The Arctic Circle contains an estimated one third of the world’s undiscovered natural gas resources, of which 60% is claimed by Russia as part of its Exclusive Economic Zone (EEZ). As melting sea ice accelerates, Russia is in pole position to benefit from access to the vast amounts of energy reserves, and in the process further solidify its stranglehold on European energy markets.
Russia wields significant power over European energy markets. Close to one third of Europe’s natural gas needs are imported from Russia, with at least 14 European countries importing more than 50% of their gas from Russia, something which has frequently caused headaches for European powers. Russia has repeatedly leveraged Europe’s energy vulnerabilities to further its own strategic interests and apply political and economic pressure on weaker European nations. Disputes between Russia and Ukraine have resulted in disruptions of Russian energy supply into Ukraine, the main transit route for Russian natural gas. Central and Eastern Europe along with the Baltic States are particularly vulnerable to energy supply disruptions from Russia and In 2011, the European Commission accused Russian energy company Gazprom of abusing its role as a monopoly in Eastern European gas markets by hindering cross-border gas flow and setting different prices in each state.
Russian hydrocarbon exports to Europe would increase further with Russian energy extraction in the Arctic, granting it even greater control over the European energy market and exacerbating already fractious EU-Russia energy relations. Exploiting the Arctic’s natural resource potential is seen as one of Russia’s main strategic priorities as it attempts to bolster its economic and social development. Russia has offered billions of dollars’ worth of tax cuts to companies pursuing energy extraction in the region in the hopes of advancing Arctic infrastructure projects.
Europe is well aware of its need to diversify its energy supply. Poland and the Baltic states have begun purchasing shipments of United States liquefied natural gas and constructing LNG terminals in the hopes of reducing dependence on Russian gas exports. However, gas imports from the U.S. are significantly more expensive than pipeline gas from Russia. Most states already have well established cross-border infrastructure pipelines with Russia, something which the U.S. is lacking. Western European energy companies have also partnered with Gazprom to expand the Nord Stream pipeline, allowing gas to be supplied to Europe from Russia via the Baltic Sea, further reducing the appeal of American LNG.
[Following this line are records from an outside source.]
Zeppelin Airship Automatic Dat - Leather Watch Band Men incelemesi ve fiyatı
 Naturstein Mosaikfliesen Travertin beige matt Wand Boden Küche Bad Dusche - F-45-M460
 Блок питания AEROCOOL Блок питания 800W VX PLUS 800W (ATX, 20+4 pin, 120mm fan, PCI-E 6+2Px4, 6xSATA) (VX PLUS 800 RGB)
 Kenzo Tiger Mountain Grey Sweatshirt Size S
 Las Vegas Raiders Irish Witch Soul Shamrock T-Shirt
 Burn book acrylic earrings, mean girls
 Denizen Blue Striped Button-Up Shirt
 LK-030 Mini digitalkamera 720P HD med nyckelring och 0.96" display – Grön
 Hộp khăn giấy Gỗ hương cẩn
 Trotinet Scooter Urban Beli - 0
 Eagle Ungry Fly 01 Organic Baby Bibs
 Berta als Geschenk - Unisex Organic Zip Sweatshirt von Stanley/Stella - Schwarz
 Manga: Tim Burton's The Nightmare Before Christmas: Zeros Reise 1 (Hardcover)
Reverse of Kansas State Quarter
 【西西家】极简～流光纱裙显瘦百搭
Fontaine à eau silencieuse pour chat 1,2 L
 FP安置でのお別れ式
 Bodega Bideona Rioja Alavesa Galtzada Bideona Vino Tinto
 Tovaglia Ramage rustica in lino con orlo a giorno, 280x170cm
Russia has stated it is committed to expanding its resource base in the Arctic to improve its economic development and offset poor oil and gas production output in Western Siberia. Should it be successful in engaging in sustainable and cost-effective energy exploration in the Arctic as a result of melting sea ice, Russia will begin to play an even greater role in European energy markets. European states must be aware that while Russian energy extraction in the Arctic Circle would lead to greater energy security, it also carries with it significant geopolitical and strategic implications.